Born in Dallas, on Sept. 30, 1925, Wozencraft was considered one of the pioneers of coding theory. He developed the sequential decoding techniques for convolutional codes that made error-free communication possible with relatively low computing power — enabling the subsequent development of modern strategies used by the Internet, cellular phones, and deep-space transmissions.
Wozencraft attended the U.S. Military Academy at West Point, N.Y. Following graduation in 1946, he joined the Army Signal Corps Engineering Laboratory. He received his ScD at MIT in 1957. From 1957 to 1976, when he retired, he served on the MIT Electrical Engineering Department faculty.
In addition to teaching and research, Wozencraft authored numerous articles, consulted for the MIT Lincoln Laboratory and the Defense Communications Agency, and was appointed to the President’s Science Advisory Council. During the years 1966-69, Wozencraft became interested in the area of programming languages as documented in various editions of course notes entitled "Notes on Programming Linguistics" (with Arthur Evans Jr.) issued to undergraduate students in computer science at MIT during that period.
His 1967 book co-authored with Irwin Jacobs, SM ’57, PhD ’59, "Principles of Communication Engineering," was regarded as the definitive text in communications theory for more than 20 years and remains widely used today.
While on a leave of absence from MIT (1972–1974), he served as Dean of Research at the Naval Postgraduate School in Monterey, Calif. Following his retirement from MIT in 1976, he returned to the Naval Postgraduate School as professor of electrical engineering and the founding chairman of a new interdisciplinary command, control, and communications academic group. He was appointed distinguished professor in 1985, and he retired in 1987.
In 2006, Wozencraft was awarded the IEEE Alexander Graham Bell Medal.

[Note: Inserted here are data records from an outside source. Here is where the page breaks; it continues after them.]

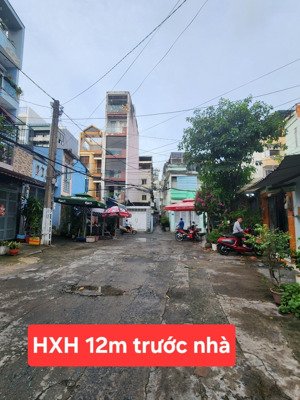 bán nhà kế bên st sài gòn q10 - hẻm rộng 12m - 46m2 - 5 tầng btct - sẳn dòng tiền - giá 10 tỷ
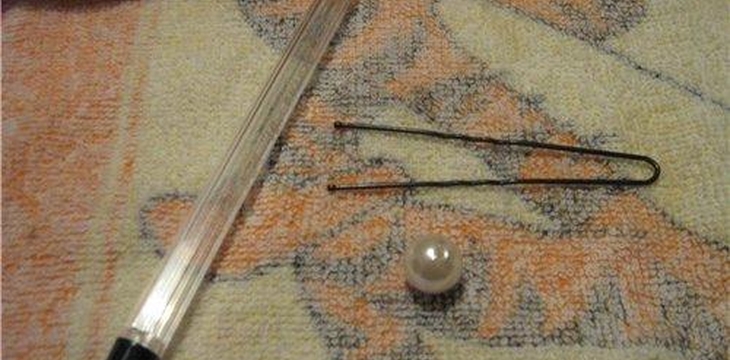 Шаг №1 МК Инструмент для прокатки края лепестка от yayagm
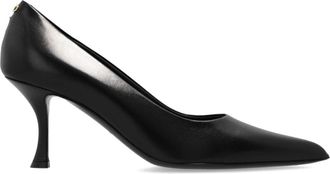 Ferragamo Heeled Schoenen Elydea - Dames - Pumps - Zwart - 43 EU - Leer - Schoenen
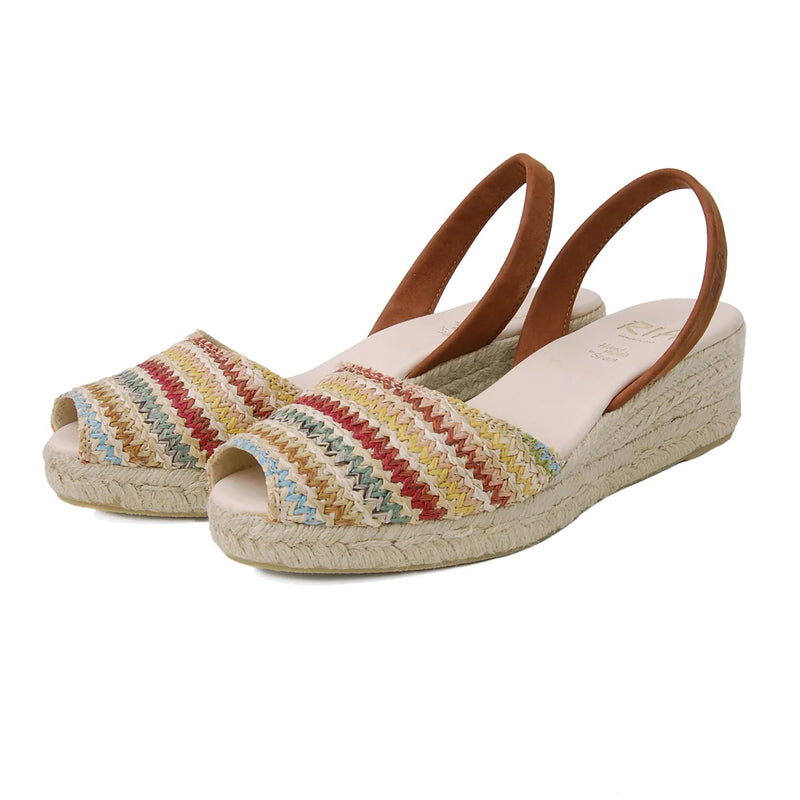 Tundra Low Jute Wedges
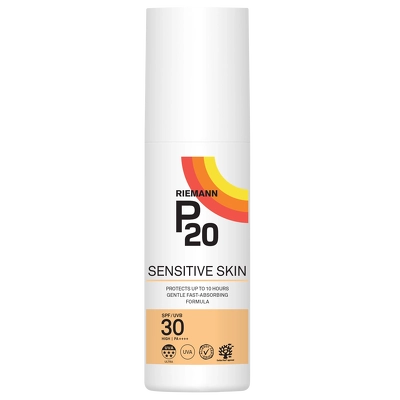 P20 Riemann Sensitive Skin Sun Protection Cream SPF 30 - 100 ml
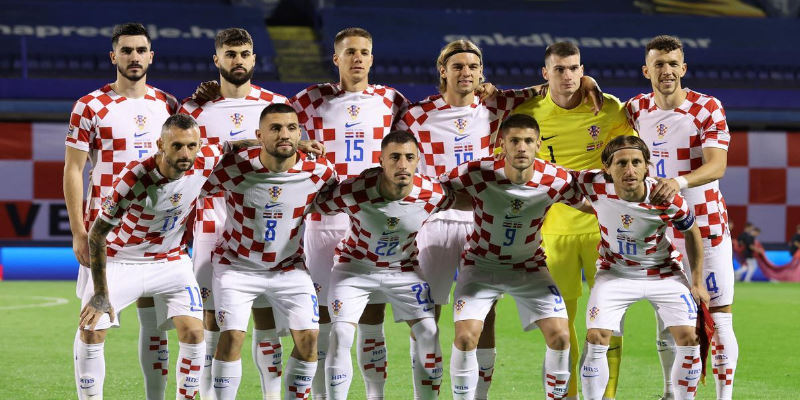 Đội hình tuyển Croatia tại VCK Euro 2024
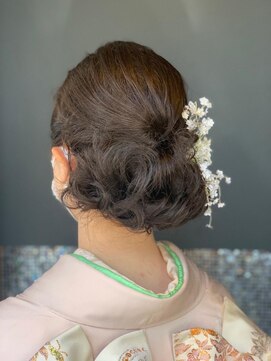 アトリエ ニューヨーク(ATELIER NEWYORK) お着物ヘアスタイル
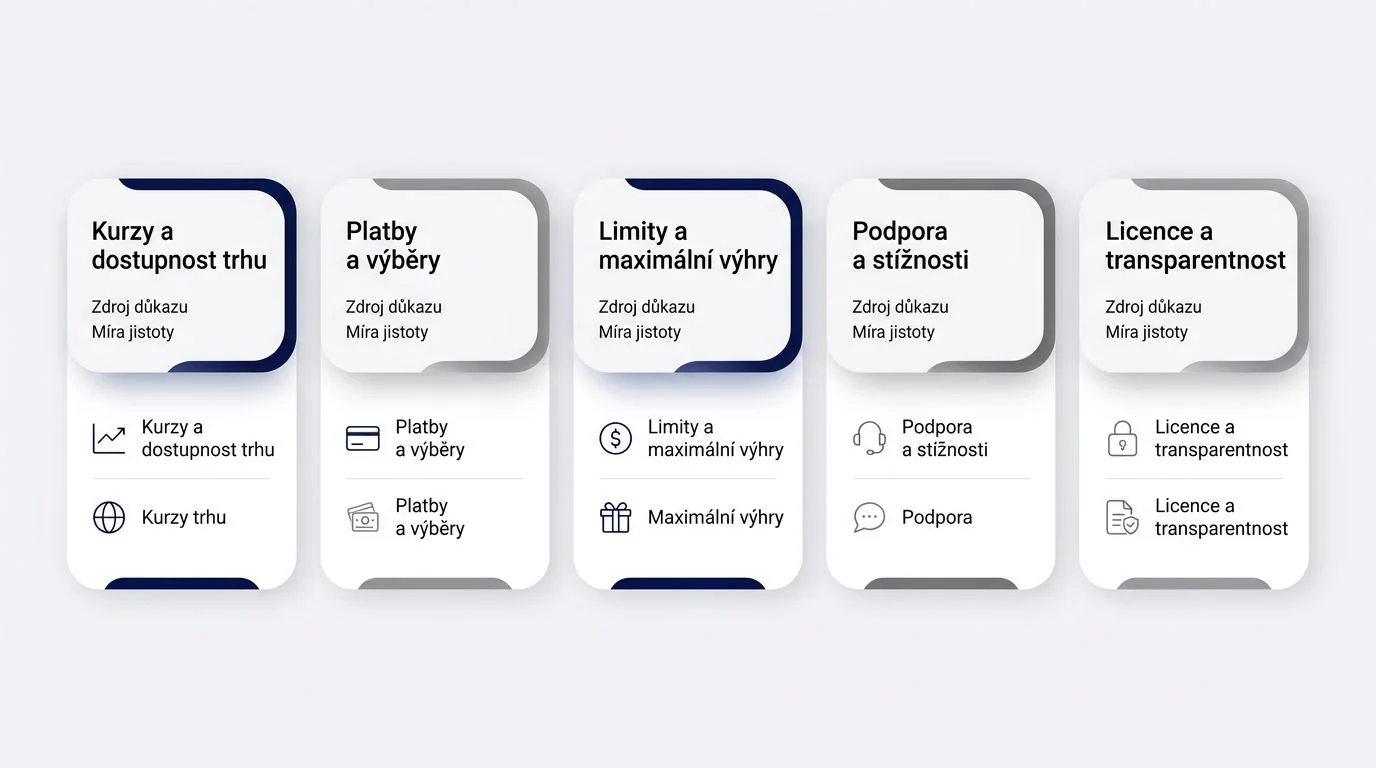 Jak hodnotit mezinárodní sázkové kanceláře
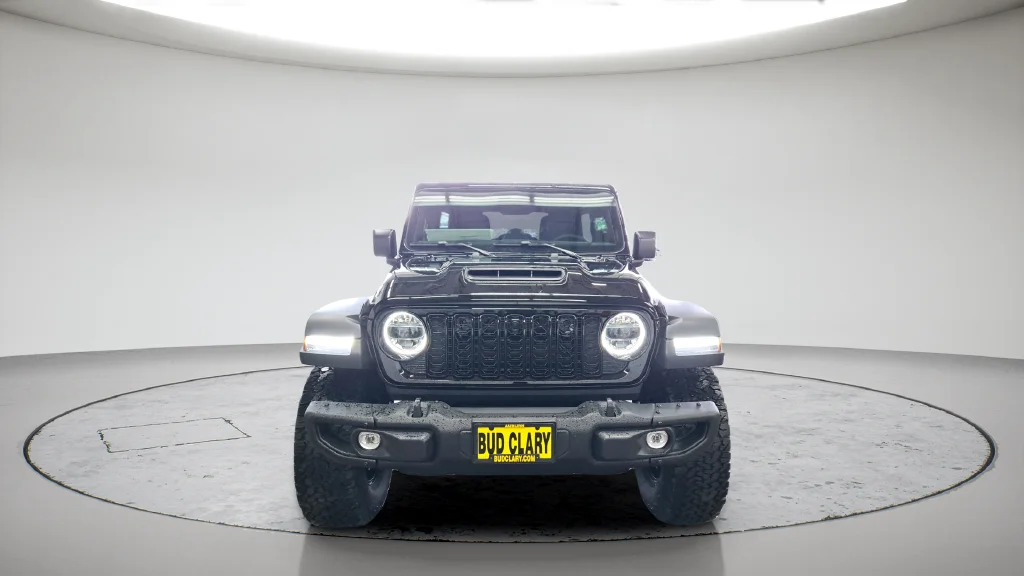 New 2027 Black Clearcoat Jeep Willys 392 image 2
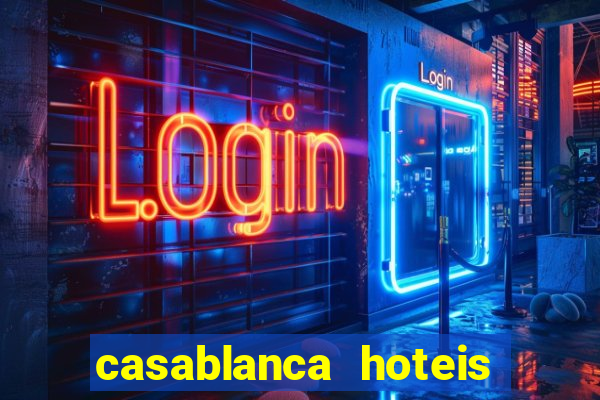 casablanca hoteis porto seguro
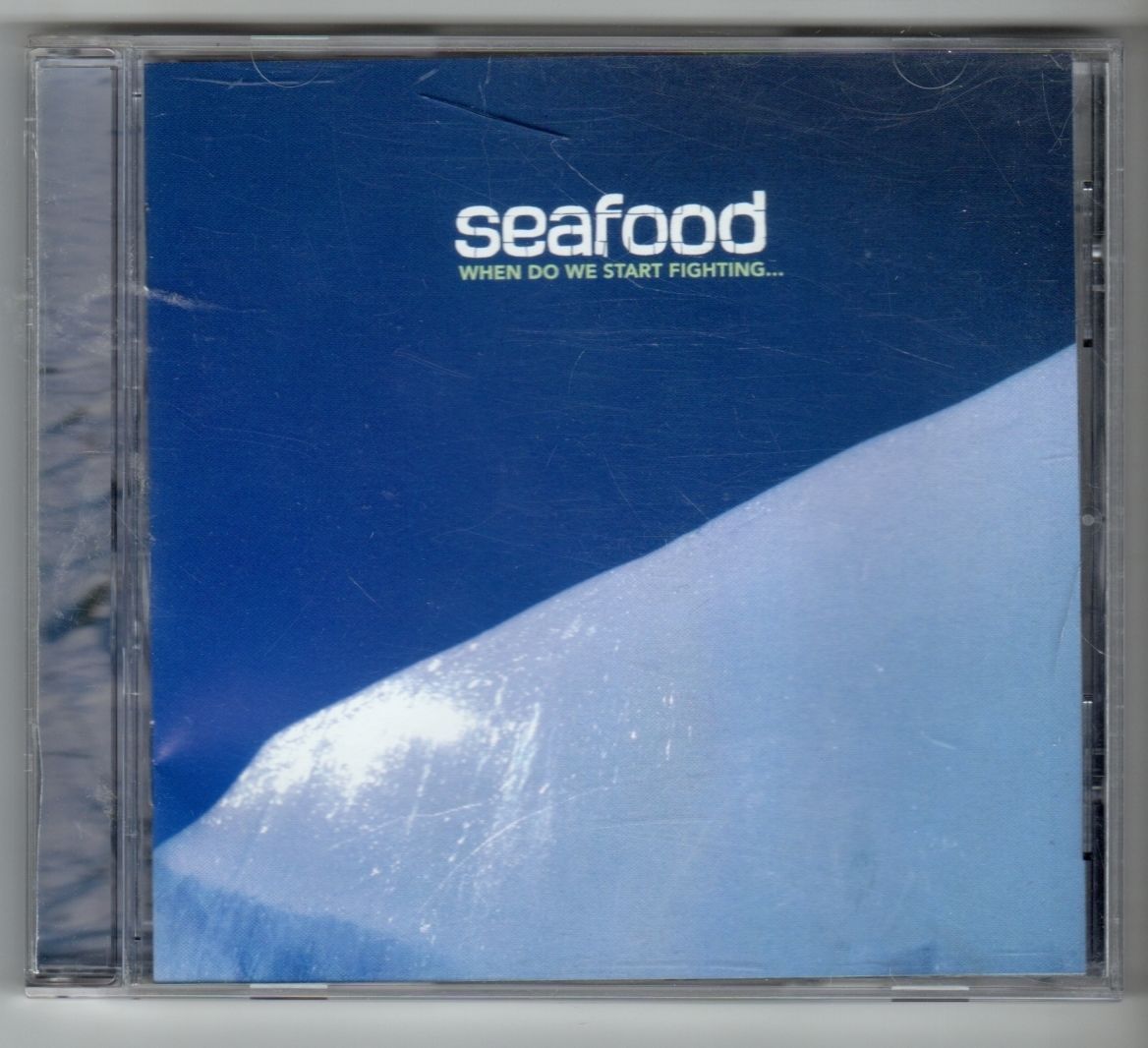 (GX900) Seafood, When Do We Start Fighting - 2001 CD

Despite these many accomplishments, Wozencraft invariably claimed that the high point of his life was marrying Frances Trask in 1963 during an eclipse of the sun. “We entered the church in the dark,” he wrote, “and came out into sparkling sunlight which has stayed with us ever since.”
Wozencraft is survived by his wife Fran; their three children, John, Colin, and Katie; and two grandchildren.
Contributions in memory of Wozencraft may be made either to the Sunriver Christian Fellowship (PMB 18160 Cottonwood Road, Sunriver, OR 97707) or the Redmond Presbyterian Church (10020 166th Ave. NE, Redmond, WA 98052.)